How to Capture Keypoints With Ease: A Beginner's Guide for Data Annotation

Caroline Lasorsa

Caroline Lasorsa

Product Marketing · 2022/5/11 · 7 min read

In machine learning, your labeled data is the foundation of your model, so it’s incredibly important to choose the right technique, establish a QA process, and follow through with each testing phase. As technology continues to advance faster than in previous decades, the prominent use of AI in instances such as security and facial recognition is becoming more commonplace. When we use our faces to unlock our phones, for example, Apple went through many rounds of testing to get it right–and they used detailed keypoints to get there.

Keypoints: What are they?

In data labeling, the strategies machine learning engineers use to build out their model is entirely dependent on its use-case. And much of what we do in artificial intelligence intersects humans and machines, especially in cases that detect human movement or emotions. In these instances, we’re likely to annotate our labels using keypoints–or dot-like markings that reference important parts of your label. Think of a human face. A machine would want to understand the whereabouts of the eyes, nose, mouth, etc. to be able to recognize it as human; this is where you would find your keypoints.
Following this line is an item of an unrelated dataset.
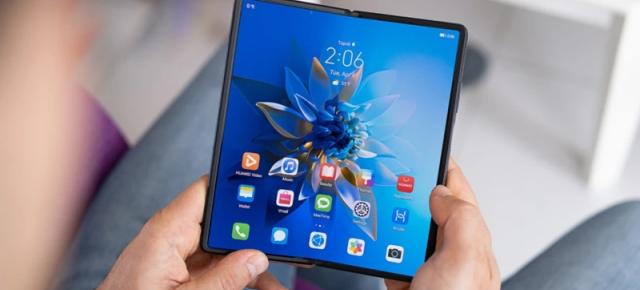 Smartphone-ul pliabil Honor Magic X (Fold) va debuta în primul trimestru din 2022; Varianta compactă, Magic Wing, se lasă așteptată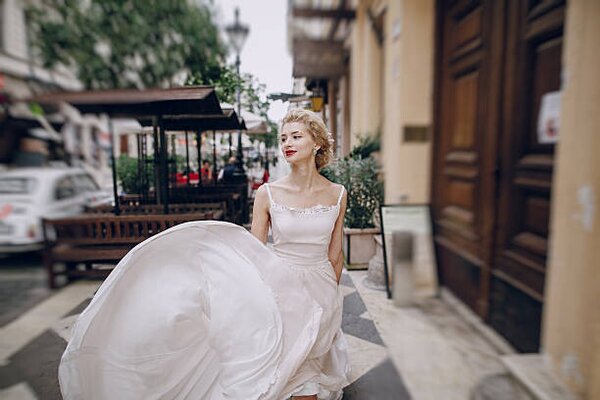 Umělecká fotografie wedding day in Budapest, prostooleh, (40 x 26.7 cm)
The purpose of using keypoint annotation as opposed to other labeling types is to make a general and skeletal outline of your objects, which is why humans and animals are commonly labeled in this way. By outlining the major parts of an image, your model learns to detect outlines and places of movement. For example, you’ll notice that when outlining the shape of a human, much of the keypoints will be located at major joint areas such as the knuckles in a hand.

Why Keypoints?

Keypoint annotation is best used in instances where your model is tracking movements, meaning that it’s commonly used in video annotation models. Using keypoints to analyze movements helps your model detect certain injuries, analyze weaknesses, and track facial expressions.

Facial Recognition

Now more than ever, security breaches are at an all-time high, meaning that the prevention measures companies take must be highly developed and secure. Such as the common, everyday use of our smartphones, facial recognition and detection help add a bonus layer of protection from hackers and other security threats. Underneath the seemingly simple act of looking at our phone screens to unlock it is a complex and robust dataset that has to be trained. And to make it happen, engineers at Apple likely made use of thousands of keypoints before putting this feature into production.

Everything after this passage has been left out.